Second, the EBRD would promote economic integration both globally and regionally and third it would aim to do much more to address common global challenges such as climate change, water scarcity and food security.
In the context of helping to drive the transition process forward, Sir Suma referred specifically to Ukraine from where he had travelled to Warsaw. Ukraine was an example of what the Bank's medium-term directions really meant when they were translated into practice.
An agreement signed this week with the authorities in Kiev on an Anti-Corruption Initiative that aims to improve governance standards and the investment climate in the country would help to build Ukraine's resilience. It showed what could be achieved when the EBRD engaged in policy dialogue.
The EBRD would also help Ukraine by pursuing the other medium-term direction goals, working with companies and the government to try to improve exports, boosting regional and global integration.
The Bank would also aim to improve Ukraine’s energy security and the country's energy efficiency, a common global challenge in a world where energy security and climate change remain major challenges.
“We propose no revolutionary departure but an evolutionary approach where we draw on the Bank’s existing and proven capacities.

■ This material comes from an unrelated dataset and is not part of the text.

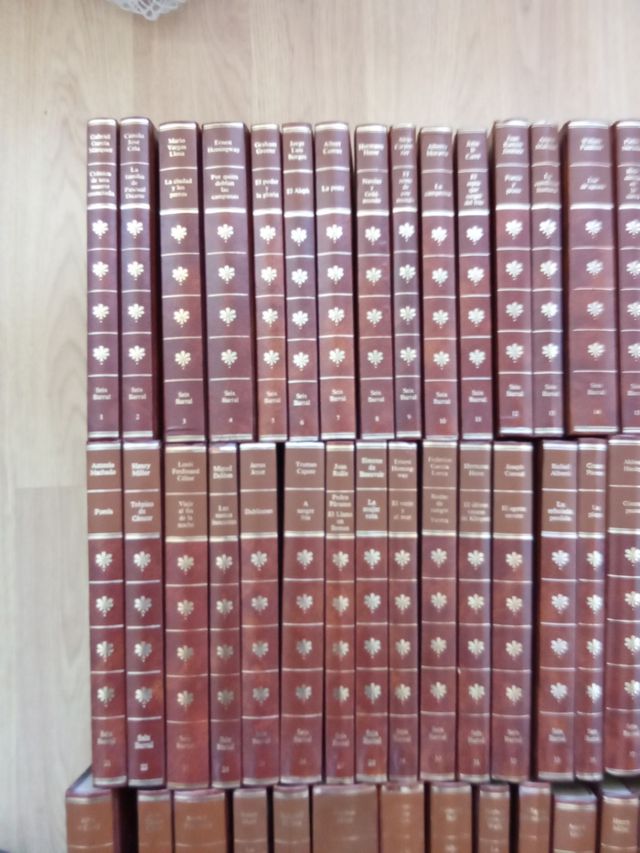 Obras maestras de la Literatura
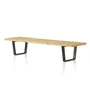 Vitra - Banc Nelson, L 184 cm, frêne nature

But at the same time we want to bring these capacities together in a dynamic, results-oriented manner,” the President said.
In his speech, Sir Suma looked ahead to a decision on Thursday when shareholders would vote on whether to admit existing EBRD member Cyprus as a recipient of EBRD financing for a limited period.
“I trust Governors will vote strongly in favour of that tomorrow and we can help Cyprus transition through the difficult challenges that it confronts, supporting the Troika programme,” he said.
He also noted that Libya had asked to become a country of operations and said he also hoped for support for Libya to take the first step in this process by becoming a member of the Bank.
Sir Suma paid tribute to his Polish hosts in Warsaw as the EBRD Annual Meeting prepared to look back on the 25 years since the collapse of communist rule in Europe and the 10 years since 8 central and eastern European countries had joined the European Union.
“Poland has been at the heart of the transition success story, and is back as well at the heart of Europe. It is now a model for many others to follow,” he said.